L’historiographie et ses écueils

Beaucoup se sont lancés dans une réflexion sur la "science du chaos", pour le dire brièvement, selon une perspective historique, épistémologique ou philosophique. Parmi les travaux universitaires, les principales sources secondaires sont les travaux de A. Dahan et D. Aubin, d’une part, S. Franceschelli, d’autre part 1 . Les premiers se sont attachés à faire une histoire sociologique des systèmes dynamiques. D. Aubin, en particulier, a soutenu une thèse, en 1998, à l’université de Princeton, "A cultural history of catastrophe and chaos : around the IHES", dans laquelle il a proposé une étude des réseaux de personnes, des groupes de travail qui se sont relayés dans l’institution entre 1958 et 1980. Dans une perspective d’histoire culturelle, il a analysé la possible adéquation entre le milieu culturel de l’IHES, celui plus large des mathématiques de l’époque et les mathématiques "topologiques" du chaos. Un élargissement de cet horizon l’a conduit à étudier les interactions internationales dans le domaine des mathématiques des systèmes dynamiques. Dans le même ordre d’idée, il a présenté une étude du cas de la turbulence (son histoire depuis Navier jusqu’au chaos) et montré à ce sujet les multiples interactions entre différentes disciplines scientifiques. Cette approche sociologique offre des informations précises sur un environnement culturel singulier, dans une période décisive pour l’histoire du chaos. Mais il faudrait approfondir le cas d’autres institutions : l’IHES a été et reste une institution marginale dans la science contemporaine, même en se référant uniquement à la France. En outre, plutôt qu’une analyse conceptuelle des filiations des travaux et de leurs conséquences sur les notions classiques, ces auteurs ont surtout reconstitué les réseaux d’échanges entre scientifiques. En un mot, ils ont décrit une certaine dynamique, mais ils n’ont pas explicité les causes de cette dynamique.
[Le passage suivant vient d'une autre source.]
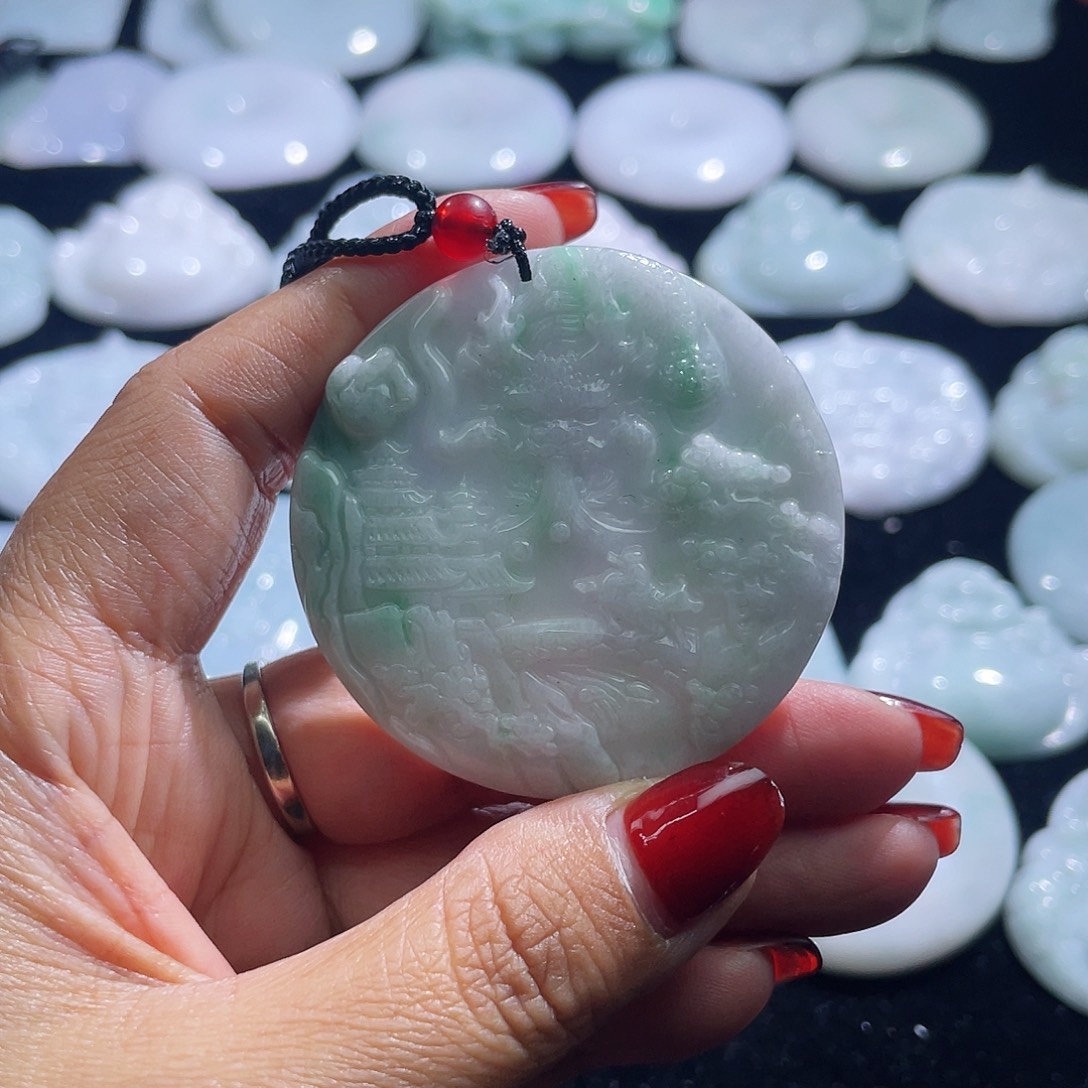 不***人翡翠未镶嵌颈饰玉龙山水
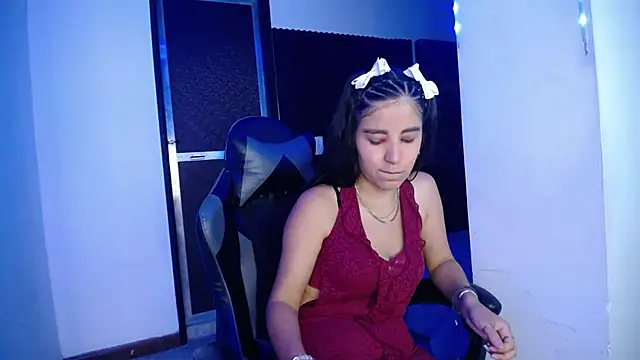 Snapshot of Lucy-23 chatting on 11/06/25, 11:26 Lucy-23 online show from 11/06/25, 11:26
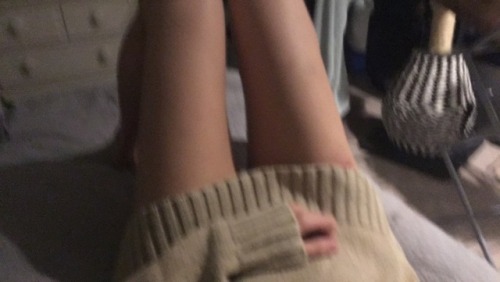 inanimate-dolls:Sweater/oversized thinspo for anon :) (not...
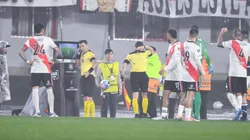 Tobar se deja influenciar por el VAR en gol anulado y eliminación de River.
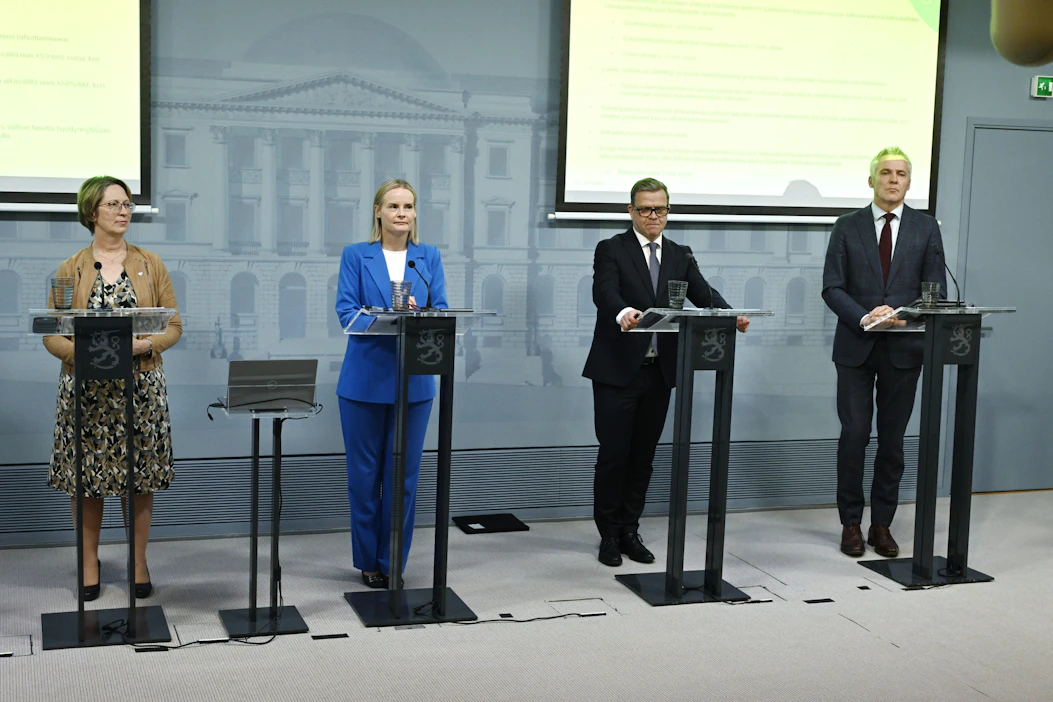 Hallitus päätti puoliväliriihessä keventää esimerkiksi palkansaajien ja yritysten verotusta. Huhtikuun tiedotustilaisuudessa puhuivat maa- ja metsätalousministeri Sari Essayah, valtiovarainministeri Riikka Purra, pääministeri Petteri Orpo ja opetusministeri Anders Adlercreutz. LEHTIKUVA / JUSSI NUKARI.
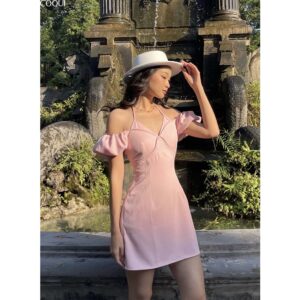 COQUI Váy hồng trễ vai sexy tay phồng cúp ngực Rose Dress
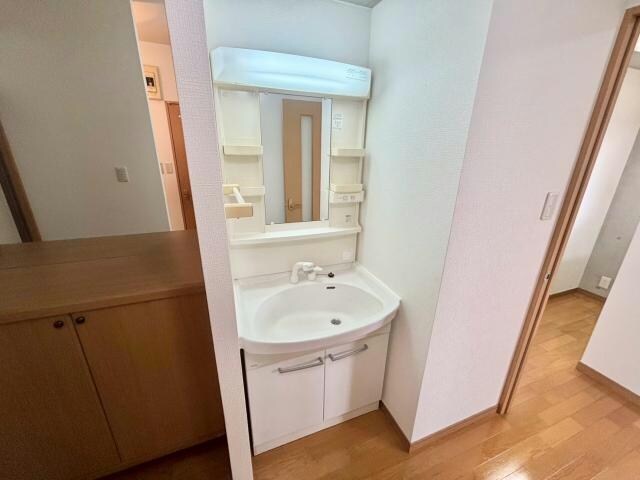 物件内観写真10　(同型　現状優先)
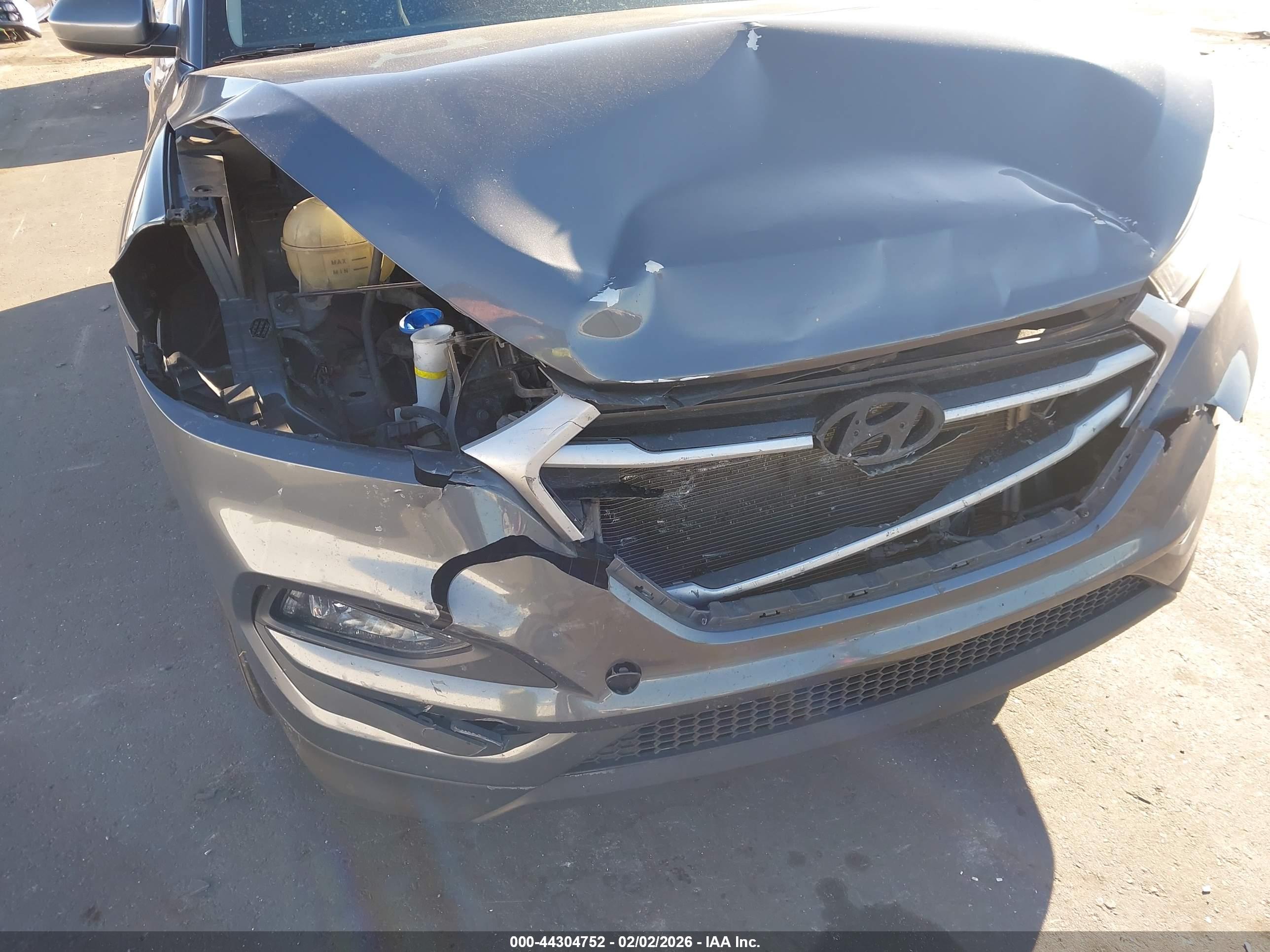 HYUNDAI TUCSON image 6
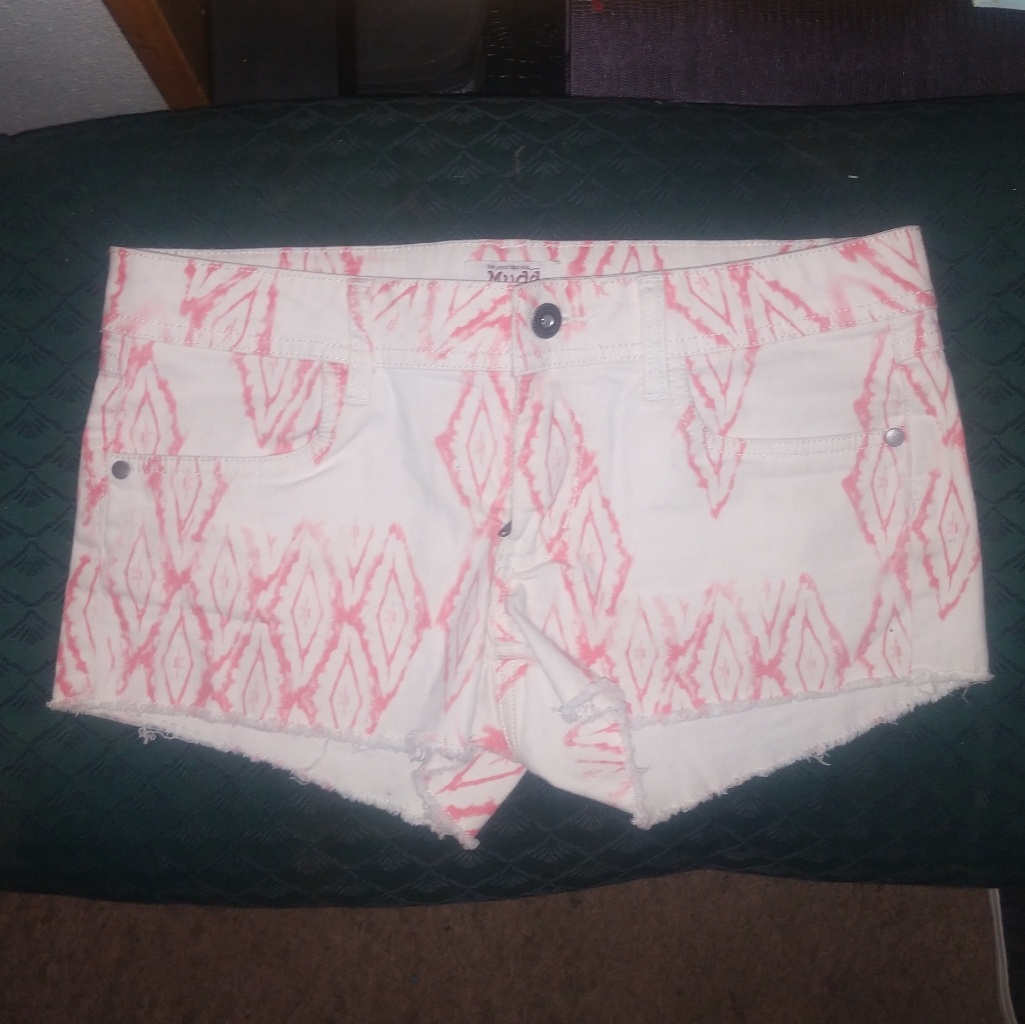 Mudd Shorts Size 7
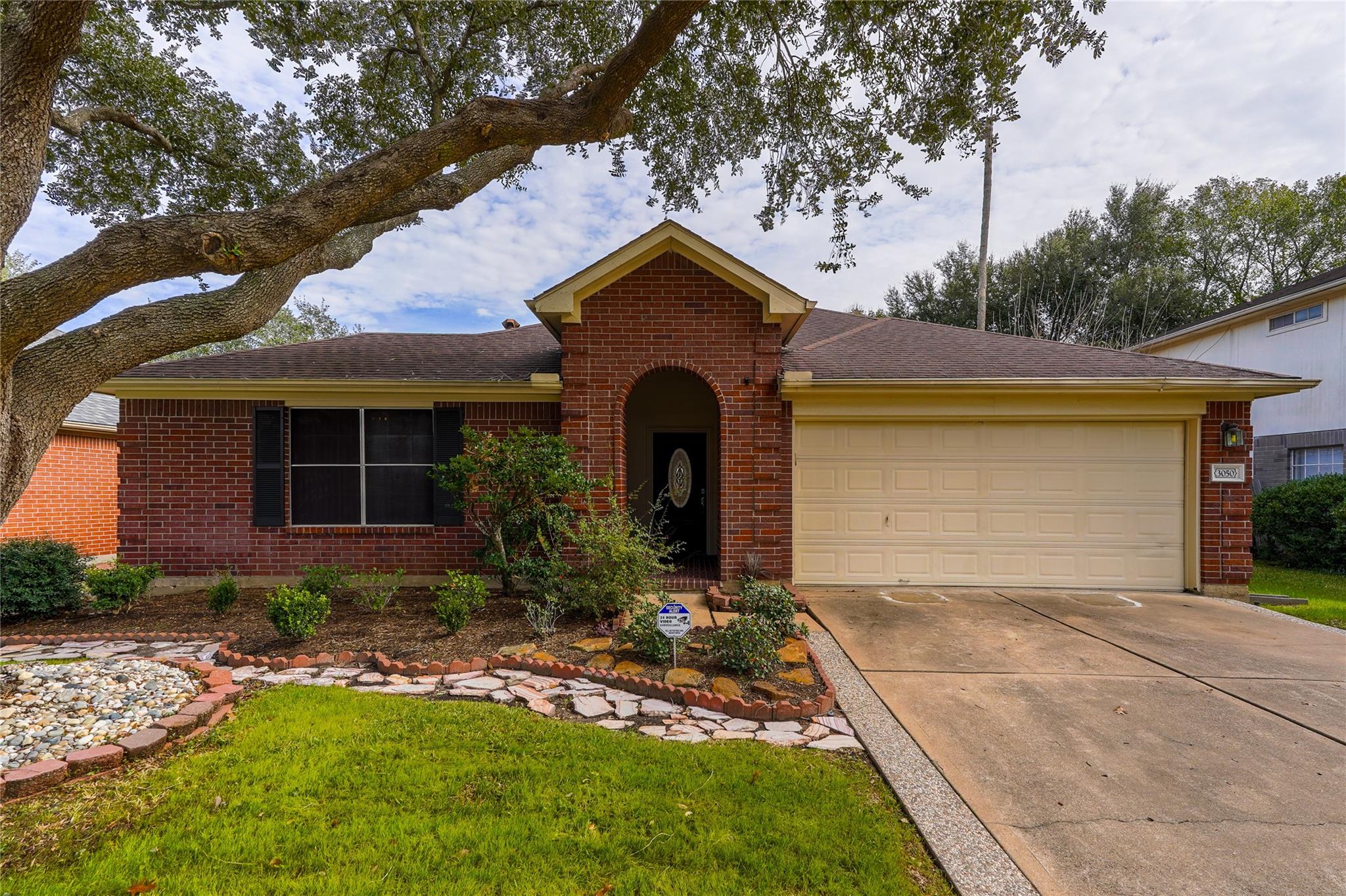 3050 Texas Oak Drive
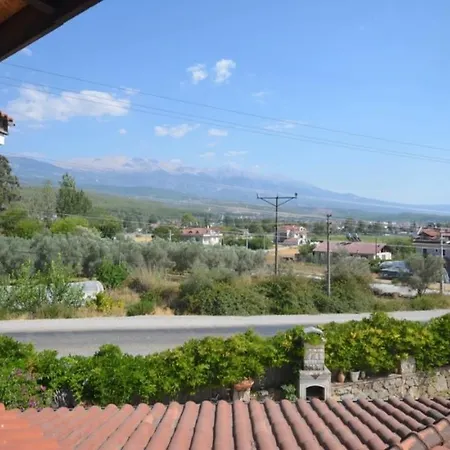Sleeps 6, Private Pool.close To Town. Seydiler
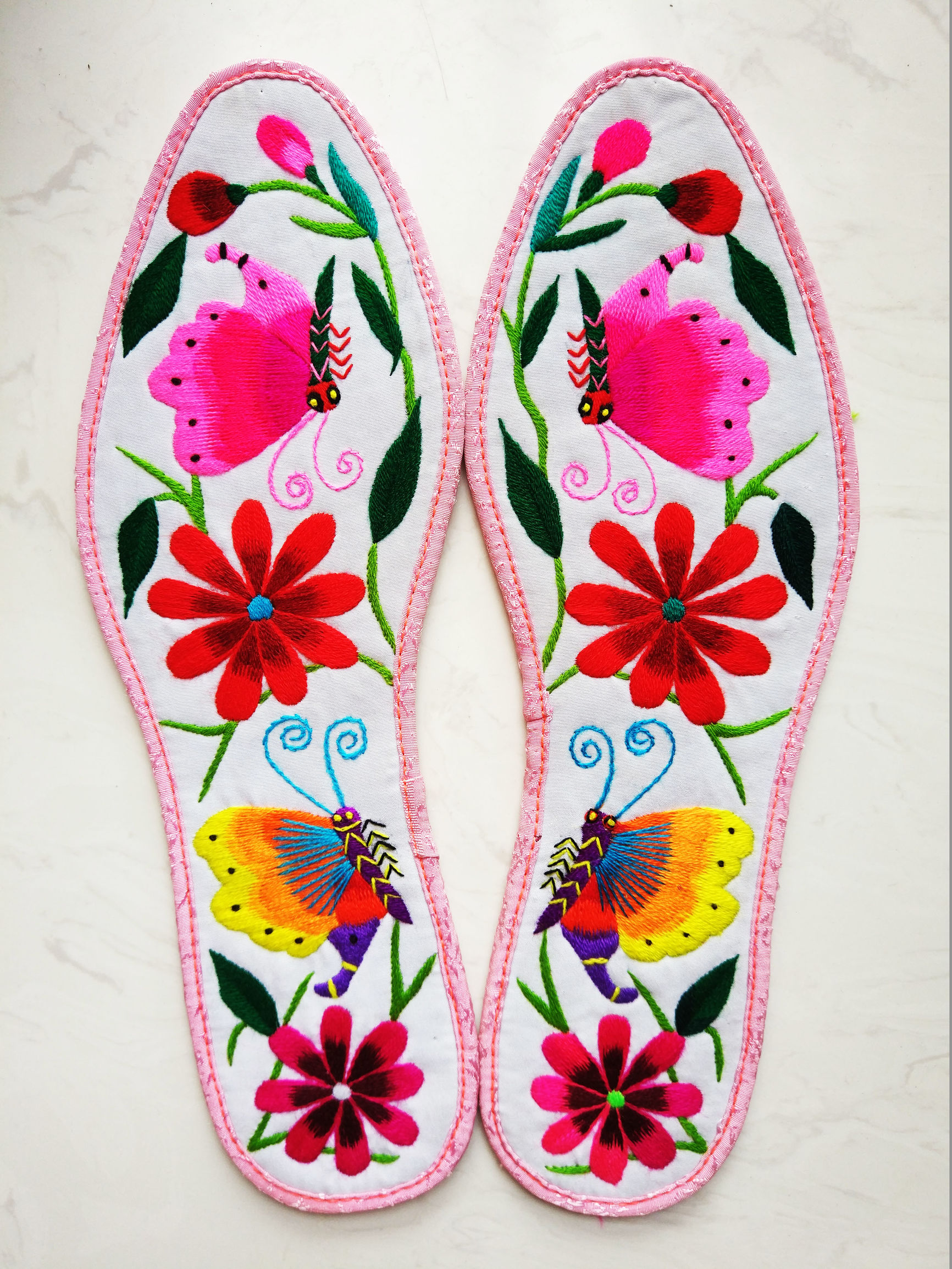 甘肃庆阳结婚纯手工鞋垫,甘肃正宗绣花鞋垫图片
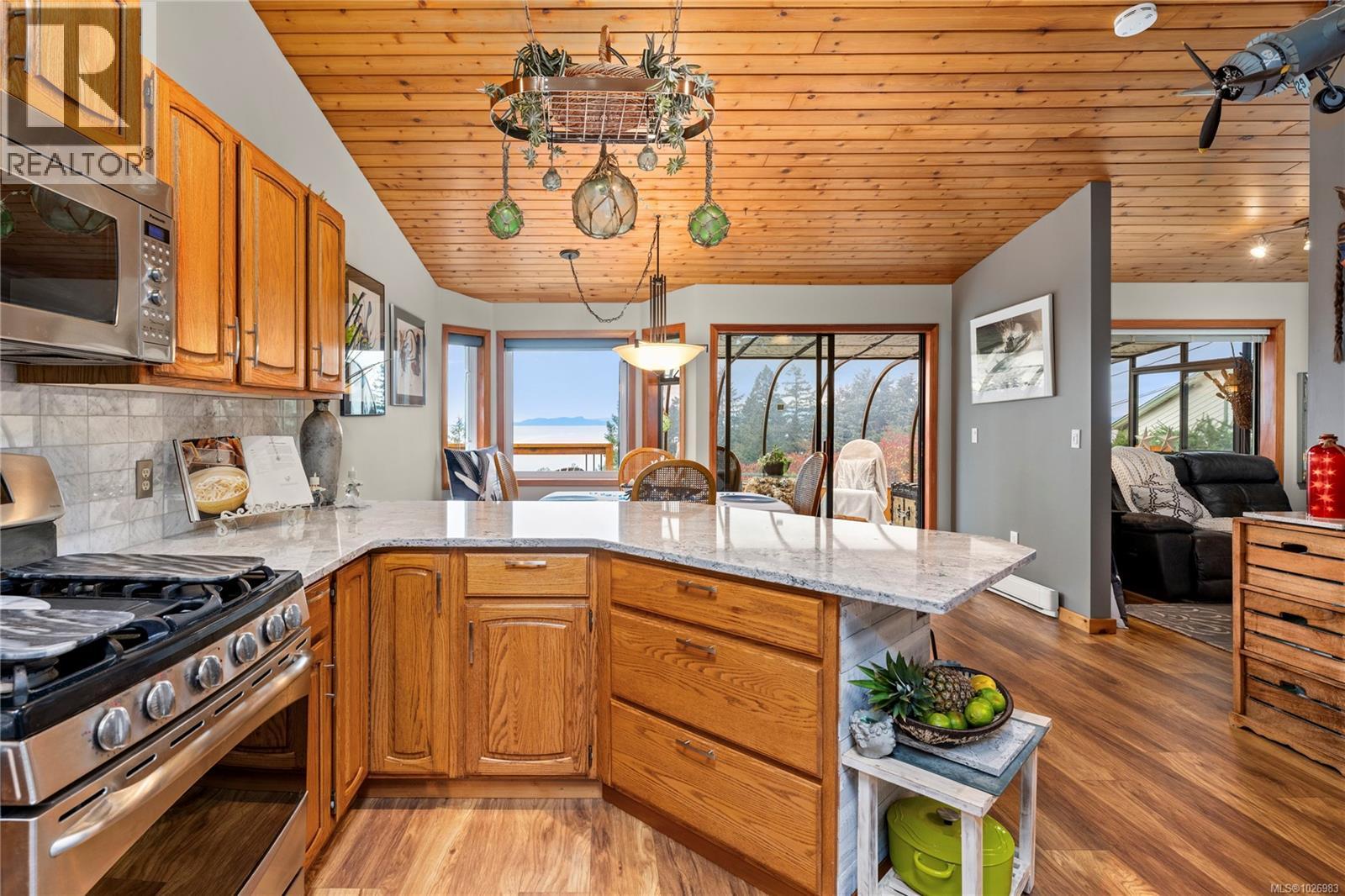 3141 SWALLOW CRES - 7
S. Franceschelli a réalisé dans sa thèse ("Construction de signification physique dans le métier de physicien : le cas du chaos déterministe", soutenue en 2001) une étude microsociologique et épistémologique du groupe de Pomeau, Manneville, Bergé et Dubois, physiciens français travaillant sur la transition vers la turbulence, autour de 1980. Sa problématique porte sur la construction d’un sens physique à partir des notions des mathématiques des systèmes dynamiques. Si ce travail traite des rapports entre mathématique et physique, il n’a pas vocation à apporter des éléments d’analyse des concepts de chaos.

L’historiographie du chaos regroupe, enfin, différents ouvrages de scientifiques, de journalistes, plus ou moins vulgarisés 2 . Malheureusement, le plus souvent la perspective historique se résume à une histoire très linéaire et chronologique.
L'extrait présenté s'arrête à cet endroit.